The Sisterhood Of The Travelling Broomsticks: Part Three
3: The Eye of Perspective
They were clustered around in a circle, Kindle holding paper and a faerie pen, and Marie leapt up.
“I’ve got it!” she shouted. “Let’s try all of the spells on the eyeballs! Maybe one of them is for fire!”
They were all blank. “You know, I never actually thought of that,” Allison said, blinking. “I’m stupid, aren’t I?”
“I don’t know about that, but if you are, you’re our stupid,” Tiggy said, smiling at her.
Allison rolled her eyes. “Anyway, let’s try! This magic thing’s exciting, even if eating eyes isn’t.”
They each took an eye for the second time. Kindle glanced at the paper. “The next one’s atertou. Are you going to instruct, Marie?”

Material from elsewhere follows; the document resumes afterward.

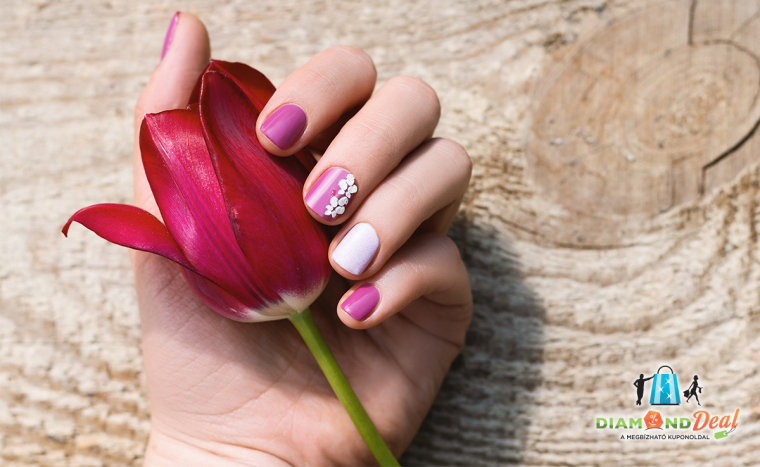 Zselés műköröm építés választható méretben, 1-1 köröm díszítésével Újpesten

Marie nodded once, looking at the paper. “Okay, so it says to be ‘firm and loud’. Don’t shout, just be loud, and firm, like you’re scolding a naughty Puppyblew or something.” They nodded and took a deep breath, pointing their wands at the eyes. “Atertou,” they said firmly.
The eyes closed in on themselves, crumbling into powder and fell on the floor. “Cool,” Tiggy whispered. “I wish I knew how to do that when I was at school; man, would that have gotten rid of some annoying people!”
Kindle gave her a look and she was silent. Marie ignored them, and continued: “Take another eyeball. The next one is naevr; it says to start slow and then raise your voice at the end, so it might sound like naEVR. Ready?” They nodded and pointed their wands at the eyes. “NaEVR!”
The eyes dropped from their fingers, liquefying. They left a sticky, slimy substance on the witchlets’ fingers, and they went to the tap to wash them off.
“Golly we’re going to have some cleaning up to do afterwards,” Kindle muttered, looking at the powder and the goop.
They got yet another eyeball. “The next one javvestip and you have to this one really quickly, and make it louder at the end, like javveSTIP! Okay? Good.”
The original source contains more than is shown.